The study also shows low interest rates affect
insurers gradually because only part of their total investments is
invested at market yields, such as their current premium
income.

Astrid Frey, co-author of the sigma study
noted: “Interest rates have delayed impact on insurance investment
portfolios, allowing insurers time to reach but also tempting them
to postpone necessary remedial action in hope that interest rates
will rebound.”

The study acknowledges that for many life
insurers, solutions to low interest rates are limited because
policy terms for in-force business with generous and rigid
guarantees cannot be changed.

However, it said life insurers can optimise
their asset management, hedging, and operational costs. They can
also offer to exchange existing policies for new products that
offer similar benefits, but are easier to hedge.

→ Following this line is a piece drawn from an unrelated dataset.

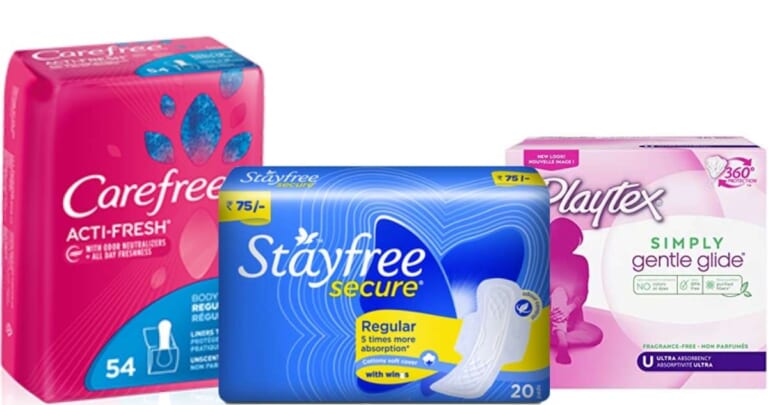 New Playtex, Carefree, Stayfree, and o.b. Deals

 Kurt Karl, chief economist of Swiss Re,
said: “New life insurance products need to be re-priced and their
guarantee levels adjusted, but also they should be redesigned so
that they can be more easily hedged against interest rate risks.
Regulators can facilitate this.”

The Swiss Re study also argues that the life
industry will need to address how do the economic costs of
guarantees offered compare with policyholder willingness to pay for
them?

Steinmann said: “Difficult-to-hedge guarantees
that create little value for customers at the point of sale must be
eliminated. The current low interest rate environment offers an
opportunity to create a win-win situation for both insurers and
policyholders, ensuring that all parties are better prepared for
any interest rate scenario in the future.”